■ Given data ■
- - -

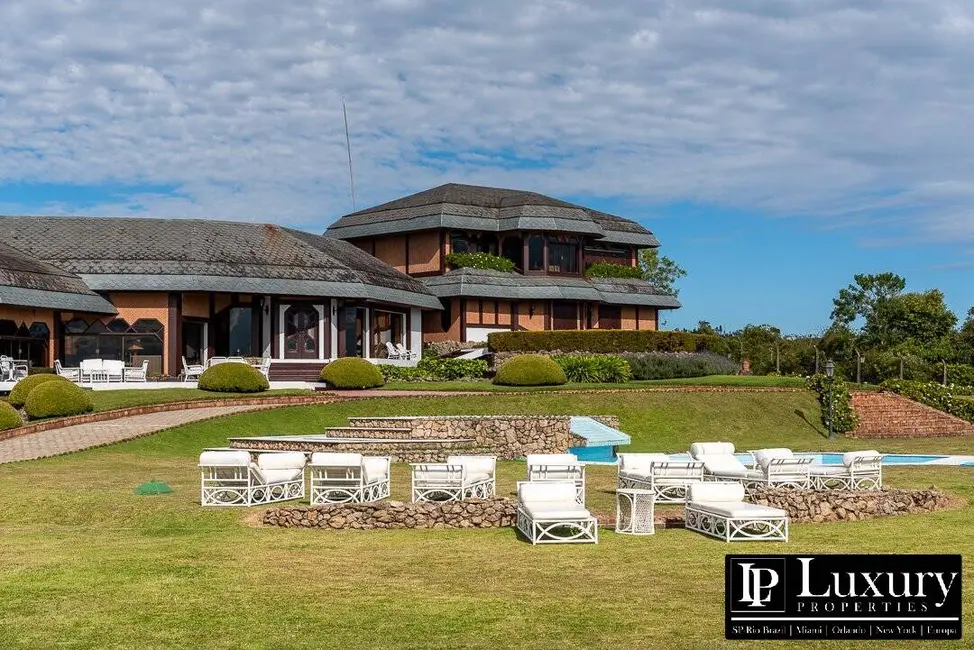 Foto 3 de Casa com 8 quartos à venda em Campos Do Jordao - SP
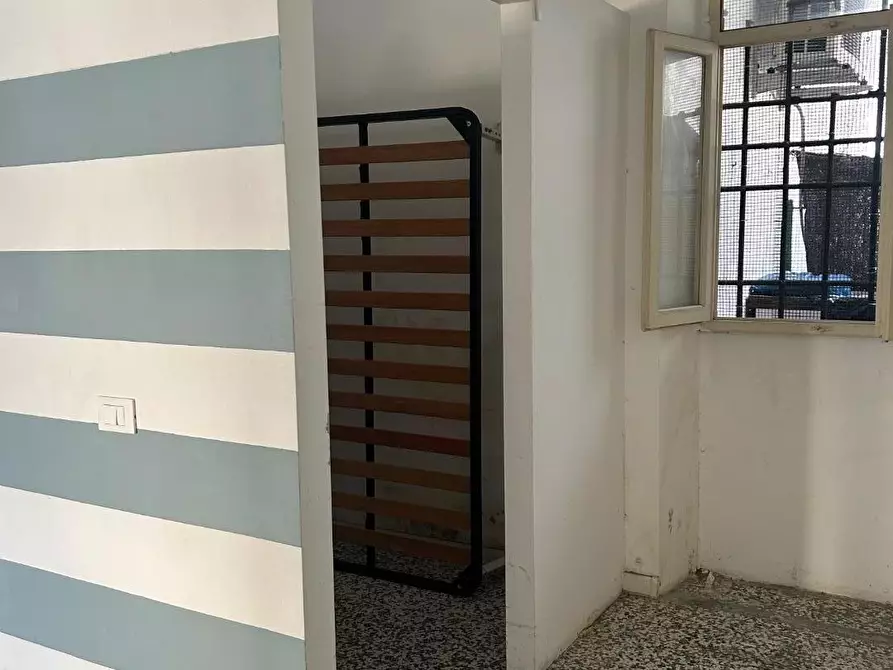 Immagine 7 di Negozio in vendita  a Viareggio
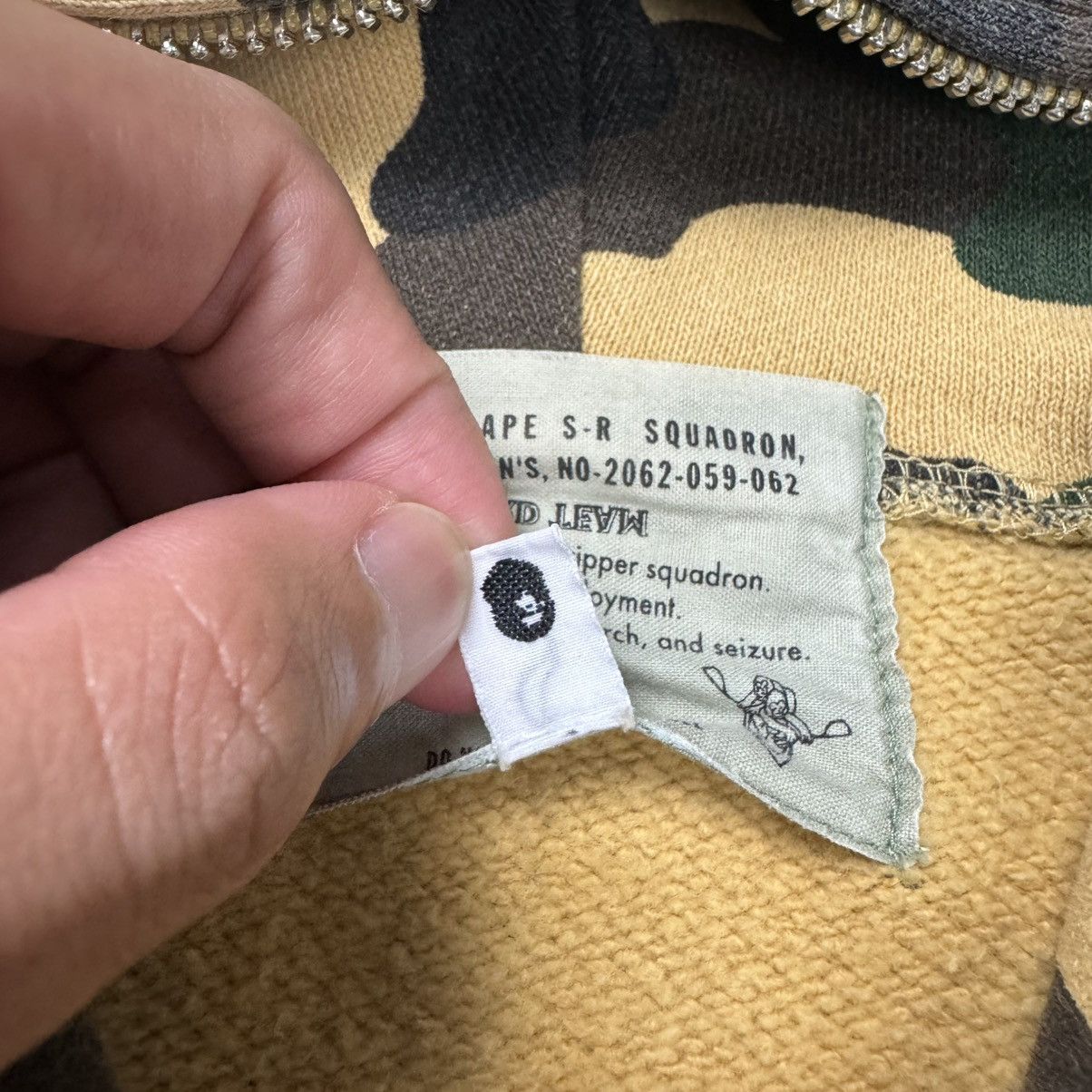 Bape Vintage Bape 1st Camo Fullzipper Hoodie Size US S / EU 44-46 / 1 - 19 Thumbnail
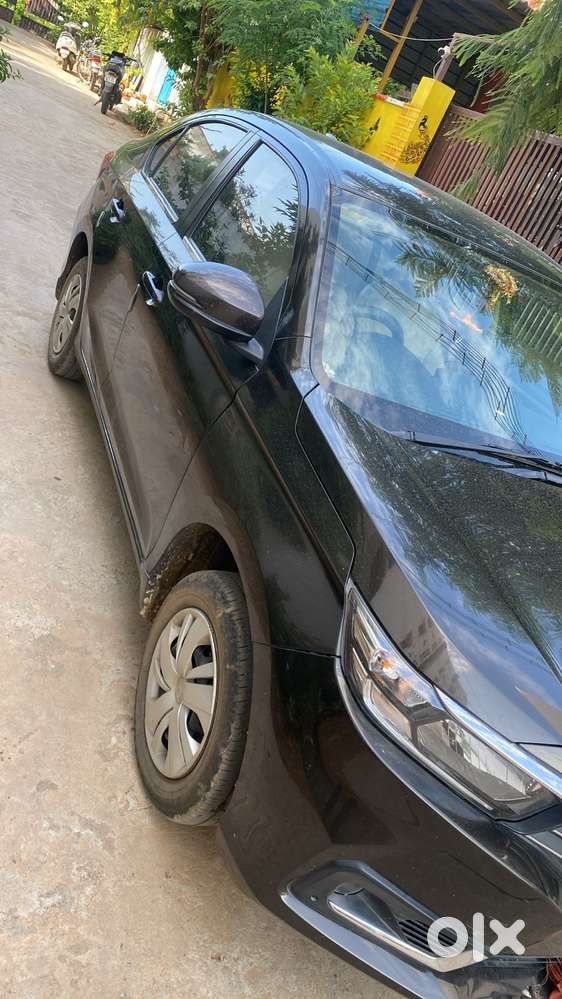 Honda Amaze, 2022, Petrol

- - -

■ How to complete this task ■
The expected answer consists solely of the lines from the one with "Immagine 7 di" through the last line of the listing above, restated exactly, minus any pictures.

■ Output for this exercise ■
 Immagine 7 di Negozio in vendita  a Viareggio
 Bape Vintage Bape 1st Camo Fullzipper Hoodie Size US S / EU 44-46 / 1 - 19 Thumbnail
 Honda Amaze, 2022, Petrol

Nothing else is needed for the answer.